Mistério da Produção: O número exato de unidades fabricadas é desconhecido e objeto de intenso debate. As estimativas mais otimistas sugerem algumas centenas, mas muitos acreditam que o número real é inferior a 100, tornando-o mais raro do que muitos relógios de luxo suíços.
O Fundo da Caixa Único: Ao contrário dos fundos de caixa genéricos da época, os exemplares conhecidos apresentam uma gravura profunda e detalhada de um mergulhador em estilo 'vintage' ou, em variantes ainda mais raras, um golfinho, indicando uma atenção especial ao detalhe.
O Mito do 'Assassino do Vostok': Uma teoria popular entre os colecionadores é que o relógio foi desenvolvido como um projeto interno para superar o Vostok Amphibia em todas as especificações, mas foi cancelado por razões políticas ou económicas antes de poder entrar em competição direta.
Lume Radioativo: O material luminescente original era um composto de trítio de alta potência. Exemplares que não tiveram o mostrador ou os ponteiros substituídos exibem frequentemente uma pátina distinta e um brilho fantasmagórico sob luz UV, um sinal cobiçado de originalidade.

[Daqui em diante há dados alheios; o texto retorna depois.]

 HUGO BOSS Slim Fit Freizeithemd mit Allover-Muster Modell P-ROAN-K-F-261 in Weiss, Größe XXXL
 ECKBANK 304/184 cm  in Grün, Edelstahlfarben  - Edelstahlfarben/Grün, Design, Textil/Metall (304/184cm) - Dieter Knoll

Ausência de Versões de Exportação: Nunca foi encontrada uma versão de exportação com a marca 'Sekonda' (comum noutros Raketas para o mercado britânico), o que reforça a teoria de que foi um modelo exclusivamente para uso doméstico e especializado na URSS.
Anomalia do Catálogo: A sua presença solitária no catálogo de 1974, sem menção anterior ou posterior, é uma anomalia que alimenta a sua mística, sugerindo que a sua aprovação para produção foi abruptamente revertida.